The average of all 5 Trendfinder systems is similar – 2/7 winning months. However, Bobcat I and Bobcat II are positive for the year with 4/7 winning months, which I am proud of given that the average of all the CTA’s only had 1 winning month and are negative for the year.
I think the following excerpt from a post in the Traders Laboratory Forum is good to keep in mind during this rough year:
“When you’re trading based on probabilities of success (any bona fide edge), you’re playing a game that I’ve told several newer traders. Pretend I have a 6 sided fair dice. If 1, 2, 3, or 4 rolls, you pay me $10. Otherwise, if a 5 or 6 rolls, I pay you $40. You’re allowed to play as much as you want. Do you play the game? I would in a heart beat: the expected value per roll is +$6.67. However, on any one roll, I’ll likely lose. Further, the outcome of any one roll doesn’t matter at all.
Trading is the same. With an edge, you’re playing a probabilities game. The outcome of any one trade doesn’t matter. You’ll have streaks where you lose several in a row, and you did nothing wrong. A losing trade shouldn’t bother you at all, just as a losing throw of the dice wouldn’t bother you. But you’ll never know until you form a solid plan.”
In this example the winning percentage is only 33% yet if you make enough rolls you have a very high likelihood of winning money!
Mechanical/algorithmic trading systems are a solid plan that play a probabilities game.
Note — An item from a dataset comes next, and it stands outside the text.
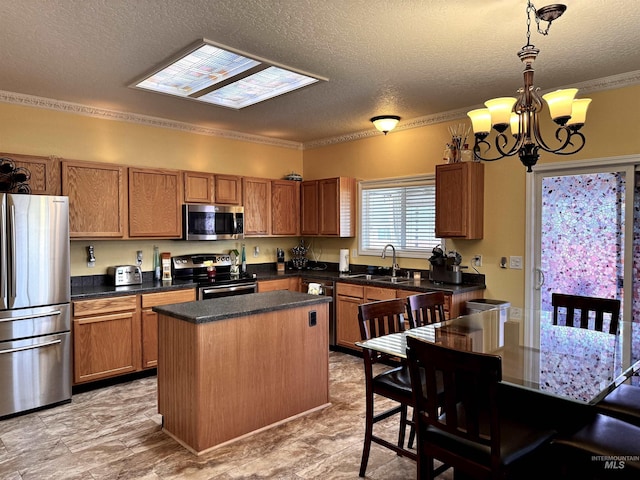 3485 N Chatterton Ave, Boise, ID 83713 - kitchen featuring appliances with stainless steel finishes, a textured ceiling, ornamental molding, a chandelier, and brown cabinets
For example, the expected value per roll (trade) for Bobcat II is $117.63 ($77.63 after $40 for commission and slippage) with a 50% win rate based on data going back to 1/1/04.
One thing I believe you must take into consideration when looking at different systems and their probabilities is commission and slippage. I have seen far too many people get lured into something that is a mirage. Make sure the average trade is at least $50 after commission and slippage (or at least $90 before commission and slippage) or I don’t believe you have a chance of being profitable. Also, be sure commission and slippage are included in the drawdown statistics. Bobcat II has an average drawdown of $763.88 and a max drawdown of $3410 ($40 r/t commission and slippage included) – I know of no other futures system with at least 50 trades a year that has that low of a drawdown (when $40 commission and slippage are included).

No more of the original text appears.